Prevention or Modification of Epileptogenesis of the KD Therapy
The term epileptogenesis refers to a complex processes that happens prior to the initial epileptic seizure appears to translate the epileptic brain with higher propensity of recurrent seizures and processes that aggravate seizures to drug resistant (12), which involves alterations in expression and functions of receptors and ion channels, epigenetic alterations, inflammatory mechanisms, glial activation, and reorganization of neuronal circuitry (16, 24). The true antiepileptogenic efficacy means prophylactic drug treatment in prevention of spontaneous recurrent seizures after a brain insult. The term disease modification refers to the therapy may modulate the intrinsic process of the disease even though it may not hamper the occurrence of a disease (12). The halt of development of epilepsy after initial diagnosis is defined as a therapy of disease modification (12). Until now, conventional AEDs offered efficacy only for inhibition of epileptic seizures and not for prophylaxis therapeutic intervention of epilepsy or modulation of the epilepsy development. Therefore, novel avenues for ideal therapies to hamper disease development of epilepsy are imperative (16).
The high-fat, low-carbohydrate KD has been regarded as a palliative therapy for pharmacoresistant epilepsy in children and adults. The 30% of children with pharmacoresistant epilepsy on the diet had more than 90% seizure reduction, and 52% of the children had more than 50% seizure reduction at 3 months (25). Even in adult patients with drug resistant epilepsy, 32% of those using KD attained the efficacy of seizure reduction more than 50% (26). Previous data on KD therapy in adolescents and adults indicted that up to 13% of patients with pharmacoresistant epilepsy were seizure-free and approximately two thirds of patients reduced seizure more than 50% (27). Currently, most of the KD therapy studies in epilepsy mainly focused on KD efficacy in seizure control, and no valid and well-designed clinical research to evaluate the efficacy of KD therapy on antiepileptogenesis or disease modification has been implemented (16).

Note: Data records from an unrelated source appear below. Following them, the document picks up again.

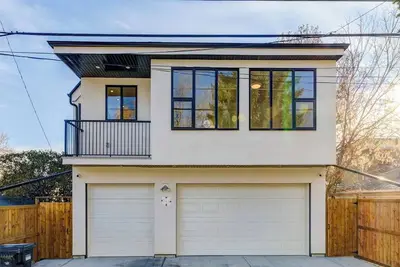 Image de Modern Spacious Private Carriage House w/Free Parking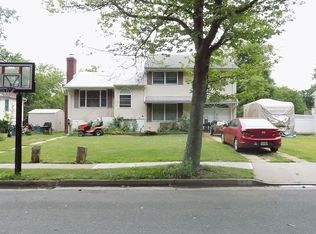 91 Walnut Ave, Red Bank, NJ 07701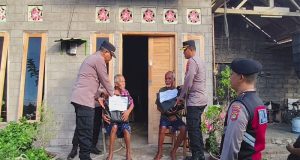 Kapolsek Kawasan Pelabuhan Gilimanuk Berikan Bantuan Sembako Kepada Warga Kurang Mampu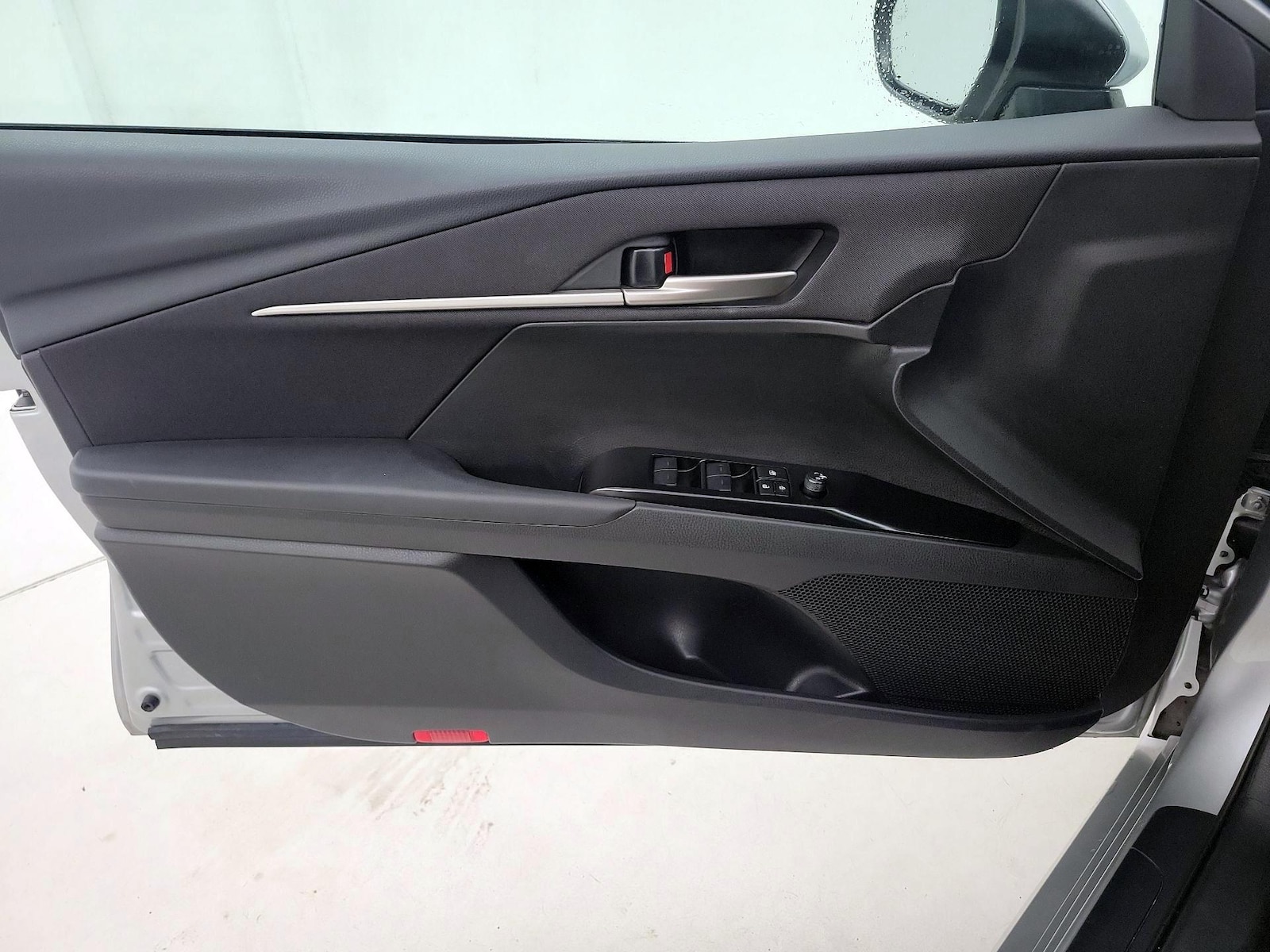 2025 Toyota Camry LE - Photo 13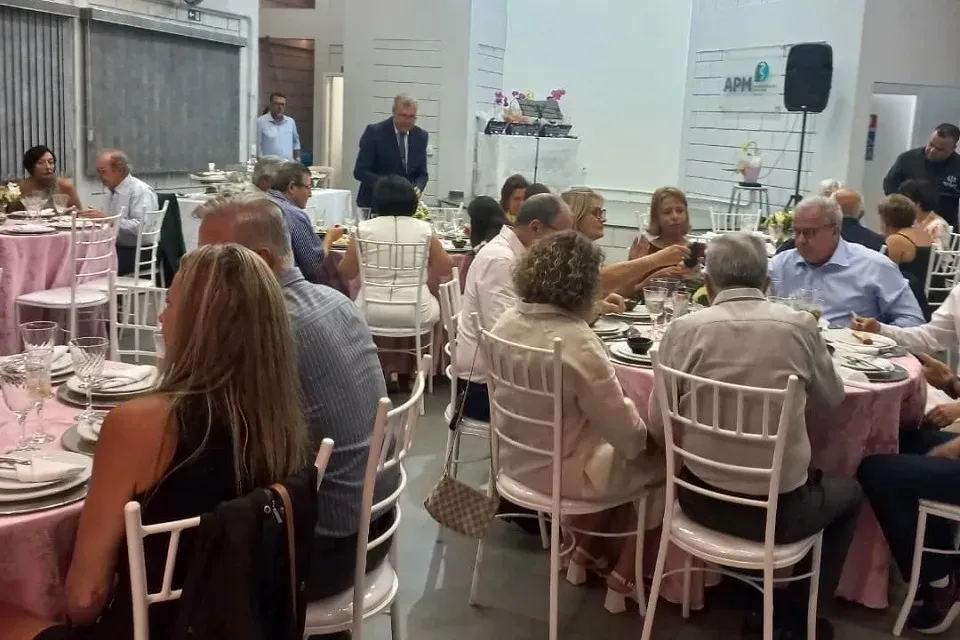 Valinhos: sucesso no jantar comemorativo do Mês da Mulher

The emerging clinical findings indicated that KD can also provide antiepileptogenic and disease-modifying therapies in pharmacoresistant epilepsy (17, 28). Some patients with KD therapy become long term seizure-free even after termination of KD therapy (17). The long term clinical efficacy in KD therapy for epilepsy over time might suggest the mechanism underlying disease-modification (29).

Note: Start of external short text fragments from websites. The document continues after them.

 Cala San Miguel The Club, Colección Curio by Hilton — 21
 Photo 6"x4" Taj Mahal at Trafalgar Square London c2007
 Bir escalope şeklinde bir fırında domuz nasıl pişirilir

In addition, experimental research also indicated that KD therapy prevented disease progression in two different typical animal models of epilepsy induced by electrical kindling and chemicoconvulsants (16). In the pentylenetetrazole kindling mice model with consecutive injection of subconvulsant doses of pentylenetetrazole, KD but not a typical AEDs affords long-lasting protective efficacy (increased seizures threshold) against epileptic seizures caused by pentylenetetrazole even after termination of KD. This kindling model is an ideal animal model of epileptogenesis and has been extensively evaluated to study the pathomechanisms underlying the epileptogenic process (16). Therefore, the lasting outcomes in this kindling paradigms extensively used to evaluate the efficacy of the inherent capacity of antiepileptogenic therapy are likely to consistent with an antiepileptogenic or disease modification effect (16, 29, 30). In rats post-status epilepticus model of temporal lobe epilepsy evoked by pilocarpine, animals on the control diet displayed seizures progressed in severity and frequency, while animals on the KD diet displayed the epileptic seizures with severity and frequency significantly decreased (16). Of importance, reduction of seizures in the model maintained even after the diet reversal. Post-status epilepticus model of temporal lobe epilepsy have been extensively implanted to explore the novel AEDs with potential disease modifications, which is characterized by an first brain lesion, a dormant period, reactive astrogliosis in hippocampus and alteration of brain networks resulting in recurrent spontaneous seizures (12, 31). The results in the study highly indicated the KD offered a role in disease modification or partial antiepileptogenesis in a typical model of temporal lobe epilepsy (16).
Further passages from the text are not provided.